C'est mon chargé de commerce, un garçon naturellement psychologue qui n'a jamais étudié la psychologie, qui me le fit remarquer. « Tu supportes, tu supportes... mais quand l'autocuiseur pète, tu deviens un tyran instantané. Les gens ne comprennent plus... Tu ne passes jamais par la case « négociation ».
Hé hé, c'est bien pourquoi j'ai besoin d'un chargé de commerce...!
Il avait raison, mon commercial. Et pour qu'il s'en aperçût, ce devait être flagrant. Je résolus donc de me corriger, de m'amender. Et de toujours passer par la case « négociation » quoi qu'il m'en coûte. Un truc de marchand de tapis. Mais en effet, çà va mieux. Sauf qu'à ce moment-là, à l'hôtel, ce soir-là, je n'avais pas encore entrepris de me réformer.
Alors je supportai....
Le lendemain je n'y pensais plus. L'hôtel étant un lieu de passage par excellence, il me paraissait implicite que le soir suivant, mes bataves seraient à l'autre bout de la France. Ou même chez eux. Qu'ils y restent. Ils pourraient toujours y faire gueuler leur radio, si c'était dans leurs moeurs...
Hélas. Le soir même, remettez-nous çà. A dix heures, un tintouin de tous les diables. Jusqu'à deux plombes du mat. Enfin je suppose car heureusement, la fatigue aidant, et le manque de sommeil, je plongeai dans l'inconscience. Bienheureuse jeunesse, qui dormirait sur des galets...
Je m'étais bien fourvoyé ! Ils avaient bien pris racine dans la carrée d'à côté, mes fiers bataves. N'empêche que je commençais à en avoir ras les pelotes, de ces fiers bâtards.

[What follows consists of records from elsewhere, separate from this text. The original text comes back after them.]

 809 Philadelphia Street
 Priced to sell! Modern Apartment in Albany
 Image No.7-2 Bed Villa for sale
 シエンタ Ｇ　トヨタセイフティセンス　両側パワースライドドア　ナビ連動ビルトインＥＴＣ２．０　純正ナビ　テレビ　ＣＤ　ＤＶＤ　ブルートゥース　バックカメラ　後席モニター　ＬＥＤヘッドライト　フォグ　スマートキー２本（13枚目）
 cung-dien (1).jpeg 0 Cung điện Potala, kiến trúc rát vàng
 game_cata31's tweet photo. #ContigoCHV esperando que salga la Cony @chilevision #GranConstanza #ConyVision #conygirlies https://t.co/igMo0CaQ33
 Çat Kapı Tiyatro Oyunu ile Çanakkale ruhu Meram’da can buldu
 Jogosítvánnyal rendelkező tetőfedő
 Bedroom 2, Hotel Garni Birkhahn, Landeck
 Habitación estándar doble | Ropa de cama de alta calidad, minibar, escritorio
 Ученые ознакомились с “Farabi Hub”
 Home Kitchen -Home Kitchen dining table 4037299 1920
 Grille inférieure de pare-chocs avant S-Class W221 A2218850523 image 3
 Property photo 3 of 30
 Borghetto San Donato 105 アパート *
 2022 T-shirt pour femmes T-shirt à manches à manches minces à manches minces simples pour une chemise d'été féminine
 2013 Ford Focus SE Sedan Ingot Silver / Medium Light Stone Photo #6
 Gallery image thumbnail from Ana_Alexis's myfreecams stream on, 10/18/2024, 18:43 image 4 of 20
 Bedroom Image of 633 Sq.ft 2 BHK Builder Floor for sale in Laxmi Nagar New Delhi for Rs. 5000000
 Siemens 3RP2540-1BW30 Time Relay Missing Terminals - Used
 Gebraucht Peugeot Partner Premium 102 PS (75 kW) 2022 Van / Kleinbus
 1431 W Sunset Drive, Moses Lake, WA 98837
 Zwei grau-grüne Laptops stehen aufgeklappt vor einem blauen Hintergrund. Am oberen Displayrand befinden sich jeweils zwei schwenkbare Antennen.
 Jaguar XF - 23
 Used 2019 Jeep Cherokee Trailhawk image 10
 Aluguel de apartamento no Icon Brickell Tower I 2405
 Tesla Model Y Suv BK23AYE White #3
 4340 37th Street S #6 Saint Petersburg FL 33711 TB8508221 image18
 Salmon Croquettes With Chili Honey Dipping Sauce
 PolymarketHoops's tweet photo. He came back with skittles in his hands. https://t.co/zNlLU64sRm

Comme je vous l'ai dit, je supporte... je supporte... sans rien dire. Si bien que pour la troisième nuit consécutive... hé si ! C'était chez eux un mode de vie ! A 22 heures pétantes, je ne sais d'où ils rentraient, mais ils lançaient la foiridon hollandaise, jusqu'à deux heures du mat. Et çà se marrait...! Et çà s'envoyait des vannes en hollandais...! Ah ah, que çà les faisait marrer. Moi, çà me paraissait aussi con en batavique qu'en français. Et je sentais que si la cocotte-minute venait à péter, c'est les urgences, qu'ils faudrait appeler.
Le lendemain, j'achetai un radio-réveil à cassettes, et une cassette de musiques militaires. Et puis tiens, pour complémenter le tout, une corne de stade à air comprimé.
A six heures pétantes, ils n'étaient couchés que depuis 4 heures sans doute, en tous cas je savais qu'ils étaient là, j'enclenchai la sonnerie aux drapeaux. Ta tari tarèteuu... ! A fond. Mais à fond. Oum...Doï... Oum... Doï... Ils ont traversé le Rhin... (Oum Doï... )Aveeec Monsieur de Tureeeenne... (Ach'val...) Sonneeeez fifres et tambouriiins... Ils ont traversé le Rhin... (Sur les rôôô-ôô-ses). Si si, je chantais moi aussi sur la musique. Y a pas de raison. En se rasant. Cà donne du coeur à l'ouvrage. Cà dégage bien les bronches et dissout les brumes matinales. « La marche consulaire »... « Sambre et Meuse »... « Tiens voilà du boudin »... « Soldat lève-toi »... « Tragala soupe, tragala soupe, tragala soupe du soldat »... « La madelon »... Et quand je fus fin prêt, je remis la cassette au début, encore plus à fond du fond possible, donnai à leur serrure deux trois coups de sirène à pompe bien appuyés, Piiiinf ! ah la vache, même moi, bien réveillé, çà me vrillait la dure-mère, descendis à la réception, réglai ma note et quittai l'hôtel. Après la cassette, c'est la radio qui prendrait le relais.
J'ai encore la sirène à corne.
Méfiez-vous des timides : ils vous le rendent au centuple.